*** Opening Supplied information ***

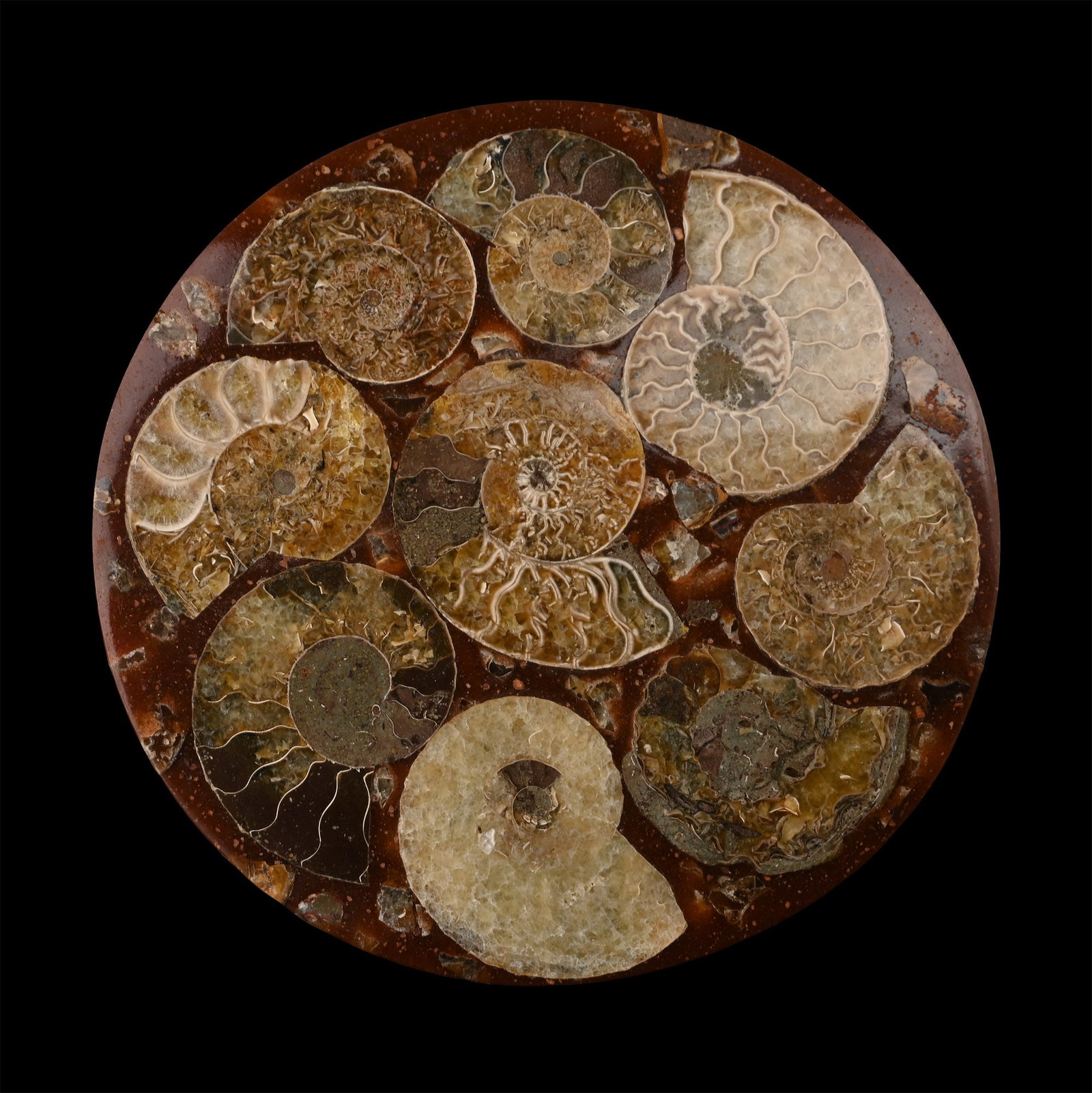 Polished Fossil Ammonite Plate: Jurassic Period, circa 199-145 million years B.P. Composite plate with cut ammonite slices set in resin. 124 grams, 12 cm (4 3/4 in.). [No Reserve] From a Lincolnshire, UK, collection. TimeLine Auctio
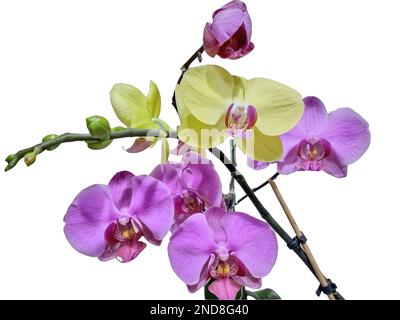 pink and yellow orchids isolated on white Stock Photo
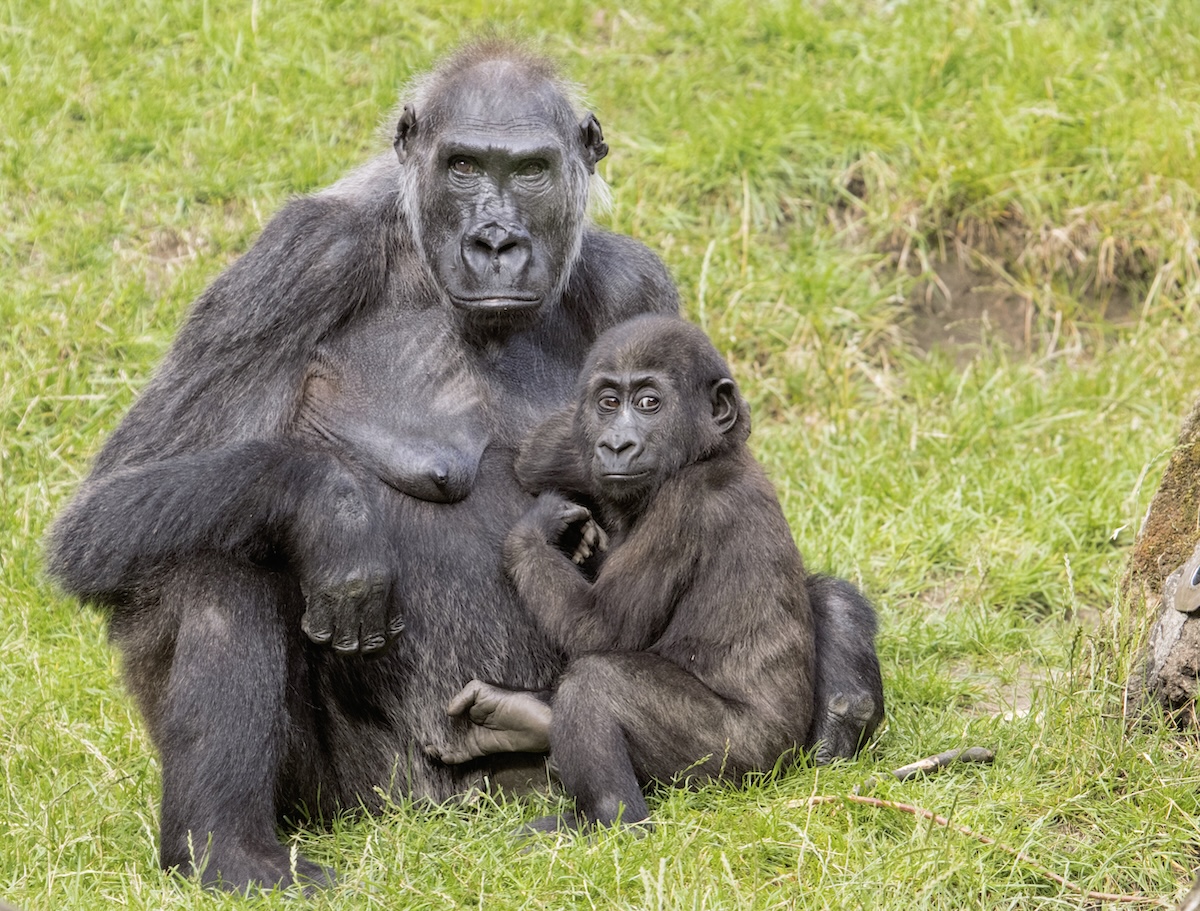 Zoo Hannover Gorilla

*** Closing Supplied information ***

Exercise aim
Pictures must not appear in the copy, which must otherwise match the listing exactly.

Output for this task
 Polished Fossil Ammonite Plate: Jurassic Period, circa 199-145 million years B.P. Composite plate with cut ammonite slices set in resin. 124 grams, 12 cm (4 3/4 in.). [No Reserve] From a Lincolnshire, UK, collection. TimeLine Auctio
 pink and yellow orchids isolated on white Stock Photo
 Zoo Hannover Gorilla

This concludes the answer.